The landlady quickly turned the handles of the doors, showing that they would not open.
“I keep the key,” she said. “There’s a bolt on both sides.”
Reassured, Cecilia walked round the room as far as this was possible, for it was practically all furniture. There was the same little wrinkle across her nose as across Thyme’s nose when she spoke of Hound Street. Suddenly she caught sight of Hilary. He was standing with his back against the door. On his face was a strange and bitter look, such as a man might have on seeing the face of Ugliness herself, feeling that she was not only without him, but within—a universal spirit; the look of a man who had thought that he was chivalrous, and found that he was not; of a leader about to give an order that he would not himself have executed.
Seeing that look, Cecilia said with some haste:
“It’s all very nice and clean; it will do very well, I think. Seven shillings a week, I believe you said. We will take it for a fortnight, at all events.”
The first glimmer of a smile appeared on the landlady’s grim face, with its hungry eyes, sweetened by patience.
“When would she be coming in?” she asked.
“When do you think, Hilary?”
“I don’t know,” muttered Hilary. “The sooner the better—if it must be. To-morrow, or the day after.”
And with one look at the bed, covered by a piece of cheap red-and-yellow tasselled tapestry, he went out into the street. The shower was over, but the house faced north, and no sun was shining on it.
HILARY PUTS AN END TO IT
Like flies caught among the impalpable and smoky threads of cobwebs, so men struggle in the webs of their own natures, giving here a start, there a pitiful small jerking, long sustained, and failing into stillness. Enmeshed they were born, enmeshed they die, fighting according to their strength to the end; to fight in the hope of freedom, their joy; to die, not knowing they are beaten, their reward. Nothing, too, is more to be remarked than the manner in which Life devises for each man the particular dilemmas most suited to his nature; that which to the man of gross, decided, or fanatic turn of mind appears a simple sum, to the man of delicate and speculative temper seems to have no answer.

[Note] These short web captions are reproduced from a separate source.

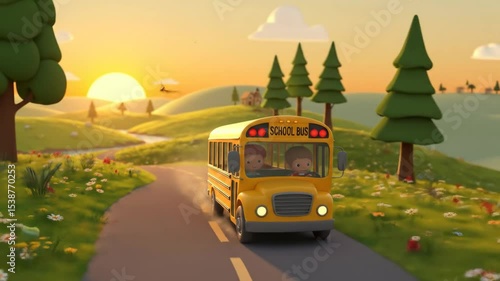 Whimsical Cartoon Landscape with School Bus at Sunrise
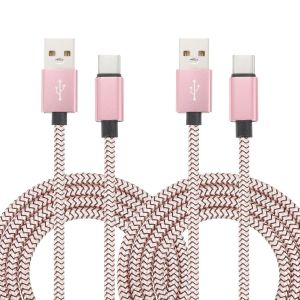Sjzg-Lot De 2 C&acirc;bles De Charge Tress&eacute;s Usb De Type C, 2,4 A De Type C Vers Usb A, 3 M, Pour Tablette, T&eacute;l&eacute;phone, Lampe De Bureau Led, Drone, Rose - Neuf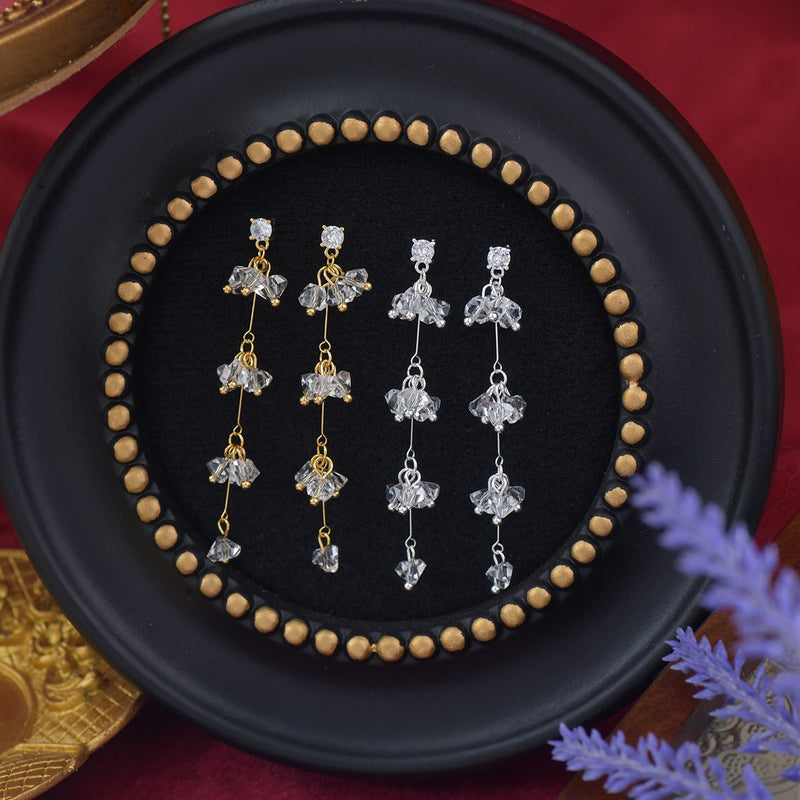 Elara Crystal Earrings in Silver
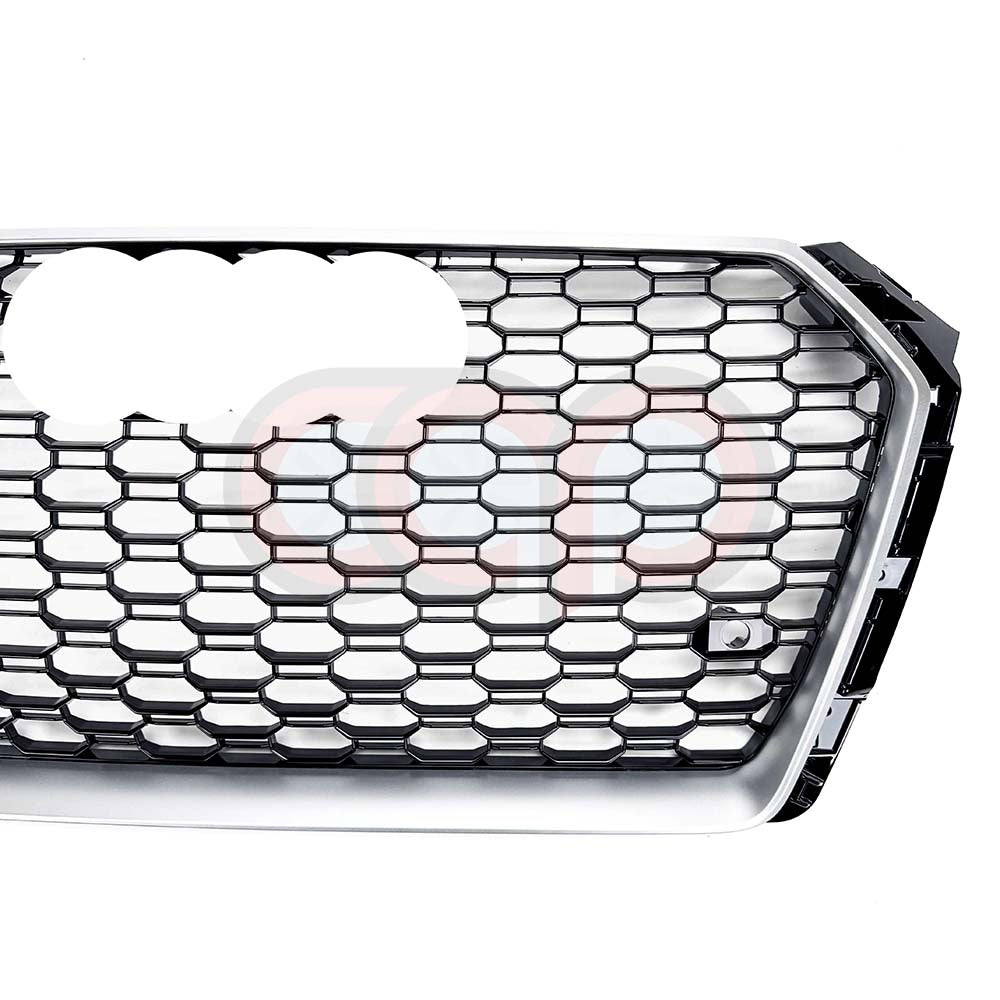2017-2019 Audi RS4 Honeycomb Grille | B9 Audi A4/S4 Silver Frame / Black Honey Comb Mesh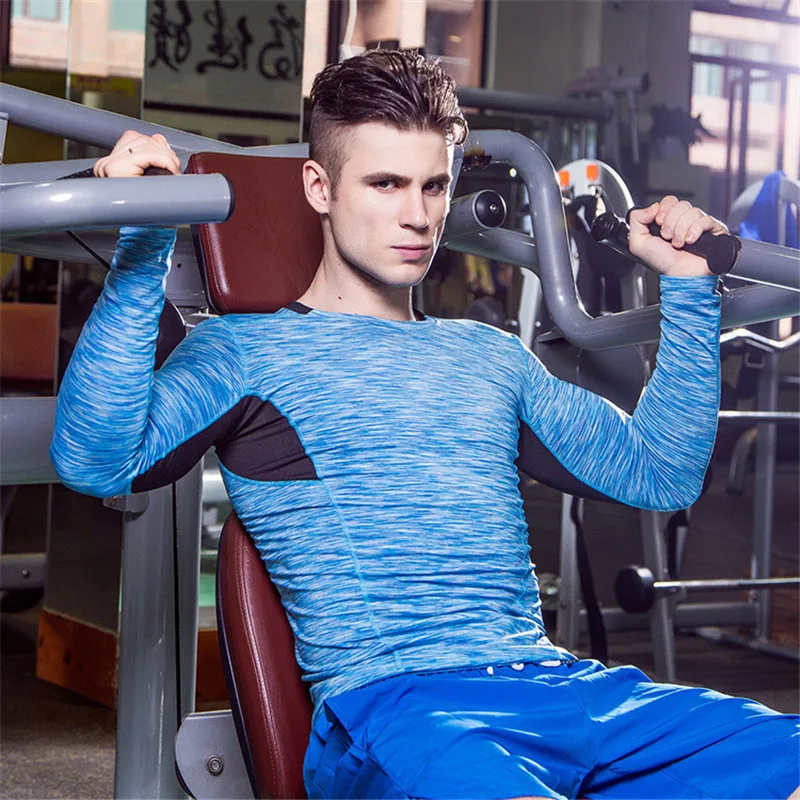 Sport Running T Shirt Men Sportswear Tight Top Quick-Dry Breathable Long Sleeves Fitness Compression Gym Wear Man Shirt Black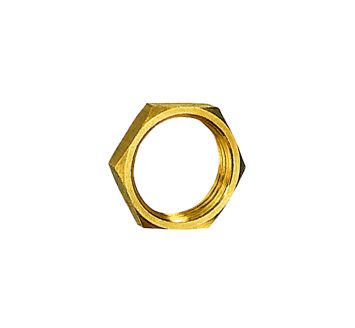 Hexagonal counter nut, M20x1.5, AF 27, Brass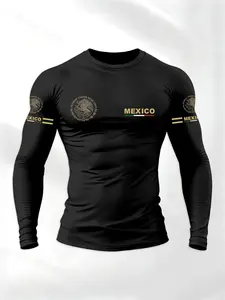 Men's Sporty Long Sleeve T-Shirt Athletic Sports Clothing with Mexican Theme Letter Design, Casual Street Style Top for Spring & Fall, Fitted Regular Fit Fashion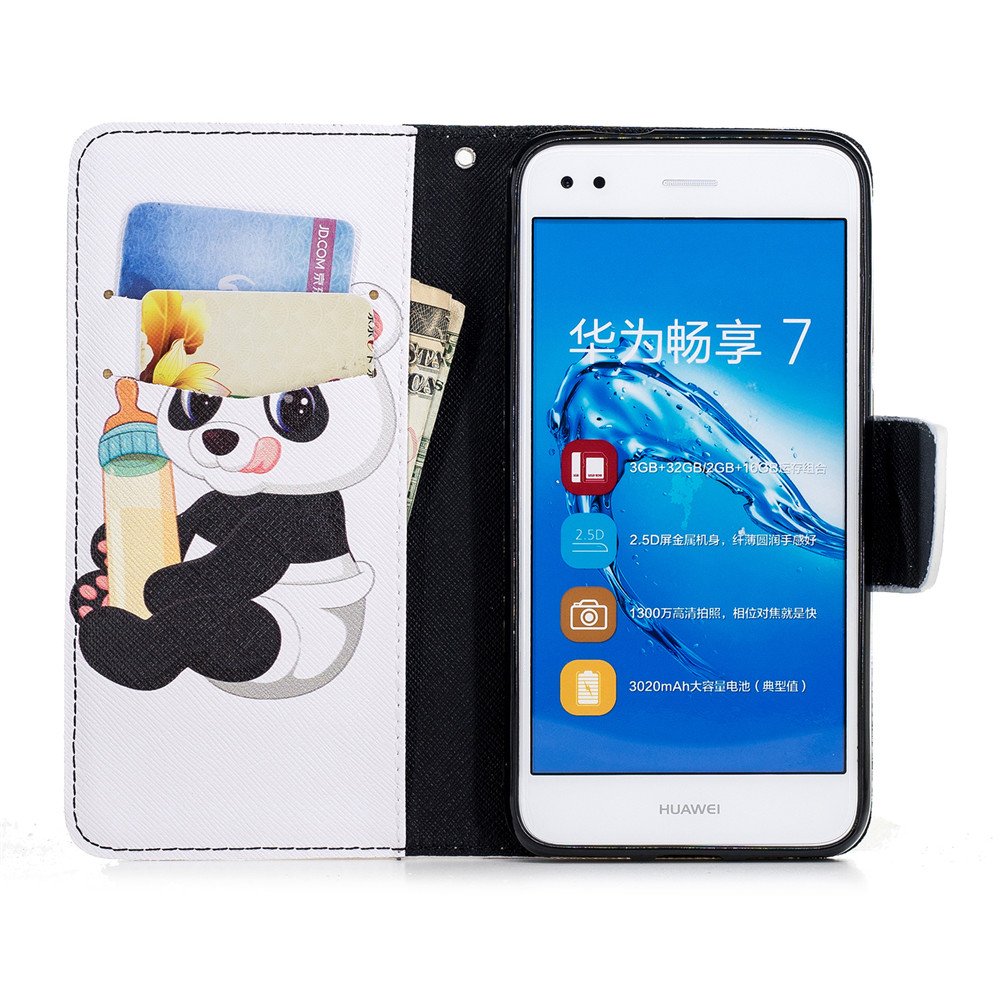 COTDINFOR Custodia Huawei P9 Lite Mini,Cover Pelle Huawei P9 Lite Mini,[Supporto Stand][Carta Fessura],Magnetica Protettiva Flip Wallet Cover per Huawei P9 Lite Mini Baby Panda BF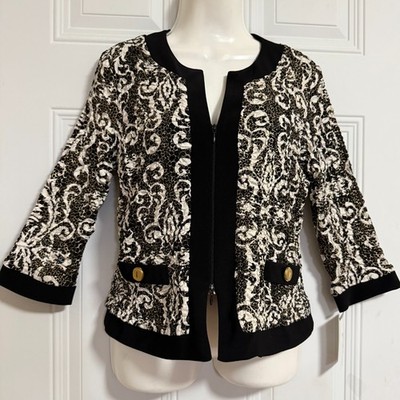 Joseph Ribkoff Paillettes Crinkle Jacket Metallic Thread Size 10 Glam Style NWT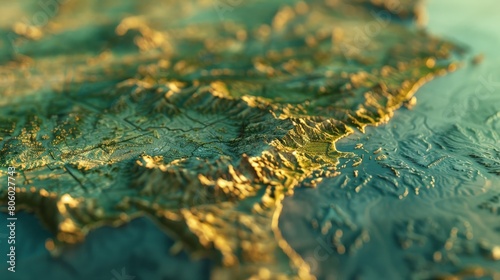 state map of America ,USA Craft a 3D-rendered, photorealistic close-up shot of a state map, highlighting the texture and depth of the terrain and landmarks with meticulous precision.,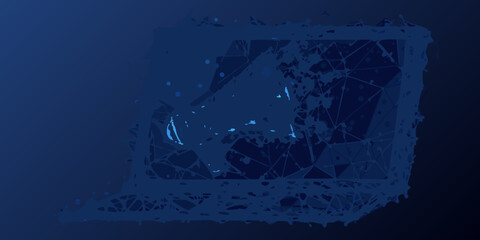 Abstract dark blue square with a shattered fragmented and crystalline texture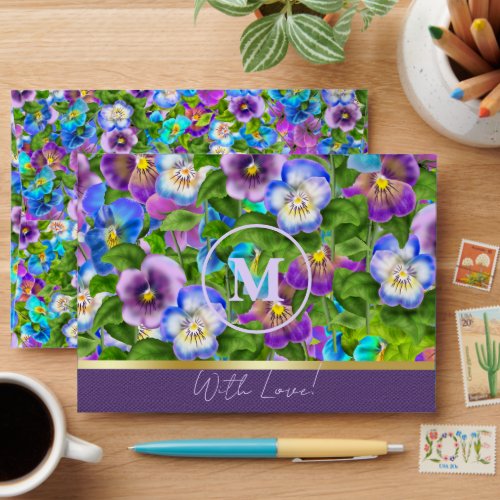 Monogram Birthday Pansy Violet Flowers Watercolor Envelope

So it was with Hilary in that special web wherein his spirit struggled, sunrise unto sunset, and by moonlight afterward. Inclination, and the circumstances of a life which had never forced him to grips with either men or women, had detached him from the necessity for giving or taking orders. He had almost lost the faculty. Life had been a picture with blurred outlines melting into a softly shaded whole. Not for years had anything seemed to him quite a case for “Yes” or “No.” It had been his creed, his delight, his business, too, to try and put himself in everybody’s place, so that now there were but few places where he did not, speculatively speaking, feel at home.